The Assessment Agency receives the record of all sales of property from the Registry of Deeds. Properties where sales have occurred are checked by staff in order to assure that:
- the amount of the sale value is correct;
- there are no unusual circumstances surrounding the sale; and
- the information on file accurately reflects the land/building characteristics which existed at the time of purchase.
Information concerning sales properties is confirmed mostly through property inspections and phone calls. Sales which are "non-valid" are excluded from the sales analysis. Examples of sales which may be non-valid are family sales, mortgage sales, and estate sales.

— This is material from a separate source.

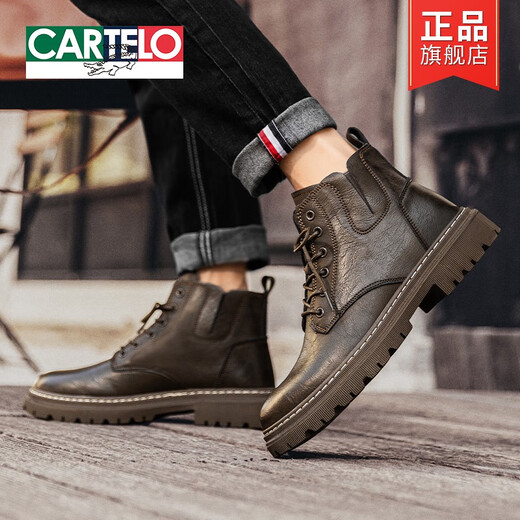 Cartelo Martin Boots Herren Frühling und Herbst 2025 Neue Retro Leder Britische Stiefel Stiefel hohe Top Lederschuhe mit mittlerer Top Kurzstiefel braun 40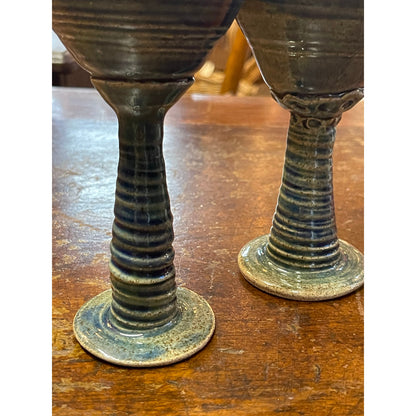 Handmade unsigned Pottery spiral stem goblet chalice cup pair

Land rates and building assessments can both be determined using the sales comparison approach. Location is one of the primary factors affecting market value. For this reason, municipalities within the Province are divided into "Neighbourhoods". Sales within these neighbourhoods are analysed using specially designed computer programs in combination with a full statistical analysis. Neighbourhoods can be analysed independently or in "Groupings". The purpose of grouping sales for sales analysis is to expand the sales base where sales patterns are similar. This helps to ensure equitable land and building assessments.

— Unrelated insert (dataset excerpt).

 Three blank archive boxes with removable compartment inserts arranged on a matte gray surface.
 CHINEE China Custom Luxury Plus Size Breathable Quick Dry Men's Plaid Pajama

The majority of assessments are determined using the Sales Comparison Approach. It is important to recognize that assessment is "Mass Appraisal" and as such it is different than the individual appraisal of properties. Assessment reflects the most probable market value of the property in the reference year. If your property sold in 2005 (base date for 2008 assessment), your assessment will likely be close to the actual sale price but it need not be exactly that amount. The primary purpose of assessment is to ensure that similar properties receive similar assessments so that taxes are distributed fairly.
For some properties, the income that they generate is the best indicator of their value. Properties like hotels, apartments and commercial buildings that are leased out generate income for their owners. It is this rental income that attracts a buyer and determines the selling price.

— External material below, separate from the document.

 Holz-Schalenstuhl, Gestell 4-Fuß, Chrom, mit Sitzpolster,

To ensure accuracy by the Income Approach, it is essential that income and expense information, requested for the building owners, is submitted to the assessor. Information gathered is treated with the strictest of confidence.
The Income Approach converts the net operating income of a property into an estimated market value through capitalization. The net operating income is the gross revenue generated by the property minus typical operating expenses. In most cases the actual income is not used in determining value but the typical revenue generated by similar properties is used. This ensures equitable tax distribution among similar properties. Typical expenses are those necessary to operate and maintain the property as well as provide for replacement. The capitalization rate is derived by dividing the net income of comparable properties that have sold into their sale prices. This rate is applied to the net income and the resulting figure is the estimated market value. Simply stated, the income approach equations are:
Net Operating Income (sale property) / (Sale Price) = Capitalization Rate
(Gross Income - Expenses) / (Capitalization Rate) = Market Value
For the purpose of the income approach, certain expenses are not allowable as deductions from the gross revenue. For example, this may include depreciation charges and debt service charges.
It is important to note that the Income approach is only one of the approaches to value used by the assessor to estimate market value. Replacement cost and sales comparison values are also considered and the most appropriate value for the circumstances is chosen.